L’autre difficulté tenait à la prolifération des activités de Pierre Boulez, non seulement compositeur, mais aussi chef d’orchestre universellement reconnu, auteur d’écrits théoriques et inlassable fondateur d’institutions musicales. Pour faire un peu de tri dans tout cela, Christian Merlin a eu l’excellente idée d’adopter une méthode elle-même fort boulézienne, puisqu’elle relève de la « mosaïque narrative », selon l’expression employée à propos d’une des œuvres analysées dans le livre. Boulez disait aimer les compositions-labyrinthes, où chaque auditeur pouvait trouver son propre cheminement : le livre de Christian Merlin peut évidemment être lu dans l’ordre, de la page 9 à la page 570 (sans compter le catalogue des œuvres, la bibliographie sélective et les index), mais qu’il est également permis d’aborder selon un tout autre système. Par exemple, si vous ne vous intéressez qu’à Boulez chef d’orchestre, après les trois premiers chapitres consacré à l’enfance et aux années de formation, vous lirez les chapitres 8, 12, 16, 18, 23 et 26 ; si vous ne voulez vous instrire que sur Boulez théoricien, vous lirez les chapitres 5, 14 et 22. Conformément à la manière dont sont construires certaines des œuvres les plus connues du compositeur, ce livre permet donc des lectures multiples, programmables à volonté.
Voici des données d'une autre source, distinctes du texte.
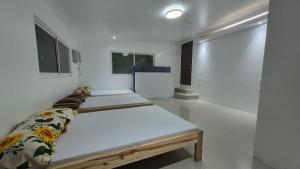 two beds in a room with white walls at Beachfront White House for 10pax in Caba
Pas plus qu’il ne composa les concertos inlassablement réclamés par Anne-Sophie Mutter ou Maurizio Pollini, Pierre Boulez n’écrivit jamais d’opéra, malgré des tentatives menées avec Jean Genet et avec Patrice Chéreau – mais Christian Merlin ne craint pas de laisser entendre que son génie ne se prêtait pas forcément au théâtre. Il composa néanmoins beaucoup pour la voix, surtout dans la première partie de sa carrière : les grandes œuvres initiales partent de textes de René Char, avec un traitement de plus en plus instrumental de la voix qui fait passer l’intelligibilité au second, voire au troisième plan de ses préoccupations, Pli selon pli, chef d’œuvre de la maturité, s’appuyant sur les vers de Mallarmé. Devenu chef par nécessité en 1956, il dirigea son premier opéra en 1963 : Wozzeck, pour l’entrée de l’œuvre au répertoire de l’Opéra de Paris, après quoi il allait devenir un chef lyrique très demandé, à Bayreuth pour un Parsifal dès 1966, passant par une période faste dans la deuxième moitié des années 1970 (de la Tétralogie du centenaire à la création de la version achevée de Lulu), puis un « retour à l’opéra » dans les années 2000, avec un nouveau Parsifal à Bayreuth et, notamment, son unique incursion dans l’œuvre scénique de Janáček pour une inoubliable version de De la maison des morts à Aix-en-Provence. Christian Merlin signale pourtant, à propos du Pelléas dirigé à Londres en 1969, son « peu d’attention à la langue et à la vocalité », comme si seul l’orchestre comptait à l’opéra.
Boulez et l’art lyrique, ce n’est pas seulement la formule provocatrice figurant dans une interview de 1967, invitant à brûler les maisons d’opéra, c’est aussi la réforme avortée de la vie musicale française qui aurait dû, à la même époque, déboucher sur la création d’un « Centre français pour le théâtre et la musique » ; c’est aussi son implication dans le projet parisien de Cité de la musique à la Villette, qui aurait dû inclure un nouvel opéra populaire, finalement construit à Bastille (avec sa fameuse salle modulable qui devrait bientôt voir le jour).
Le mérite de Christian Merlin consiste, entre autres choses, à dépasser l’image de l’ambitieux à la repartie impitoyable, incarnation de « l’avant-gardisme d’Etat » selon ses détracteurs, pour nous montrer l’homme dans toutes ses contradictions, récapitulées en épilogue : pragmatique et utopiste, intransigeant et sensible, Pierre Boulez mérite amplement que l’on suive chacun des fils ici magistralement entrelacés pour explorer son labyrinthe personnel.